Beeks may be honey connoisseurs, but most people aren't. It may be growing, but for now anyway if they dunk your pretzel in some honey and they like what they taste and they want more they're going to buy it.

You know probably as well or better than most, that you are marketing to your customers wants and needs, not your own. Could be that a simple spoon or other device would sell more. But it's as simple as trial and error to see what does best and where. What works here may not work where you are and can easily play as well from one venue to the next in the same locale. 

I think you probably have a unique perspective in what's appealing to people, being in the food industry. I wouldn't turn my back on the knowledge you possess. Use it to your advantage. Don't give up and don't let someone else take your idea's away from you. Following the status quo isn't how the great leaders got where they are.


----------



## Chef Isaac (Jul 26, 2004)

Bizzy:

you make some good points. I like the pretzels because the salty/sweet play on the palate is neat. I just do not like people who hover over and just eat pretzels our people who over taste with no sale. But I have always had this problem when I do buffets and out a shrimp bowl out. Always have those people who stand around, eating all the shrimp. 

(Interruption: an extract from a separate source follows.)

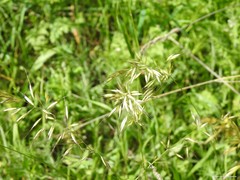 Arrhenatherum elatius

I couldnt see making biscuits. I think it is a good idea but somewhat time consuming and more prep both before and during the event.


----------



## BULLSEYE BILL (Oct 2, 2002)

I don't promote 'open grazing', I dole out samples to interested people. The offering makes a good ice breaker and cues you as to who to spend your precious time with. It also makes a subtle recognition of value in the product.

Look at the pictures of my 'Fair Setup', I believe it is different than your standard way of setting up. I set up a trap to get people to browse through while their little darlings are being pacified by the observation hive. I like to keep it open and inviting, yet when the traffic is high it will slow them down long enough to see all that I offer. People really like handling the products, especially comb honey.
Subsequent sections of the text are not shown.